# Data extracts

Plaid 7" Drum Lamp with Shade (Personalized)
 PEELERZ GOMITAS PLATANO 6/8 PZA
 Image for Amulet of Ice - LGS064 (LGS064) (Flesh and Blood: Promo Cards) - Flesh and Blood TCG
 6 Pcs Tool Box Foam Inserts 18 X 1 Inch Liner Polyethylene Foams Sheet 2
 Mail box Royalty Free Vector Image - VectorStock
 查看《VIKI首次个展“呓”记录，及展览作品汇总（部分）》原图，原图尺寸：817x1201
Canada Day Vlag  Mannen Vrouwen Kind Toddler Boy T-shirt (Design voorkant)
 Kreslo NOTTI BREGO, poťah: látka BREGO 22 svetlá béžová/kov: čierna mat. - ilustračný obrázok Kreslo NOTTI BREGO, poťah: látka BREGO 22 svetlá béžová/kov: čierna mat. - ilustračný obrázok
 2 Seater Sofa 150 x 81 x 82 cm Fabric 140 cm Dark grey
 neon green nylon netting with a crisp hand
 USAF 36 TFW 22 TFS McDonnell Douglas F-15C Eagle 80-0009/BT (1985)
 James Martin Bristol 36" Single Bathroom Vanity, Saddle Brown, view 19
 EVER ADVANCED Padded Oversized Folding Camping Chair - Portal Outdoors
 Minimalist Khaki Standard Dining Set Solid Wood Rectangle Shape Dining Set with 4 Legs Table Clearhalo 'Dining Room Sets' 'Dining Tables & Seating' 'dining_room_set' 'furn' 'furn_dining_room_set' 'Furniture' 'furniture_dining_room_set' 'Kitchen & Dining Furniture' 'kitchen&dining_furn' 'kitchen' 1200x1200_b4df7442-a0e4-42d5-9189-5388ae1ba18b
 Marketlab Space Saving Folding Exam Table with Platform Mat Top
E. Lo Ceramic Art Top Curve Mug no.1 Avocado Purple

# How to complete this task
Starting at the line with "2 Seater Sofa" and ending at the line with "EVER ADVANCED Padded", print each line of the listing above exactly, with no other lines.

# Answer section
 2 Seater Sofa 150 x 81 x 82 cm Fabric 140 cm Dark grey
 neon green nylon netting with a crisp hand
 USAF 36 TFW 22 TFS McDonnell Douglas F-15C Eagle 80-0009/BT (1985)
 James Martin Bristol 36" Single Bathroom Vanity, Saddle Brown, view 19
 EVER ADVANCED Padded Oversized Folding Camping Chair - Portal Outdoors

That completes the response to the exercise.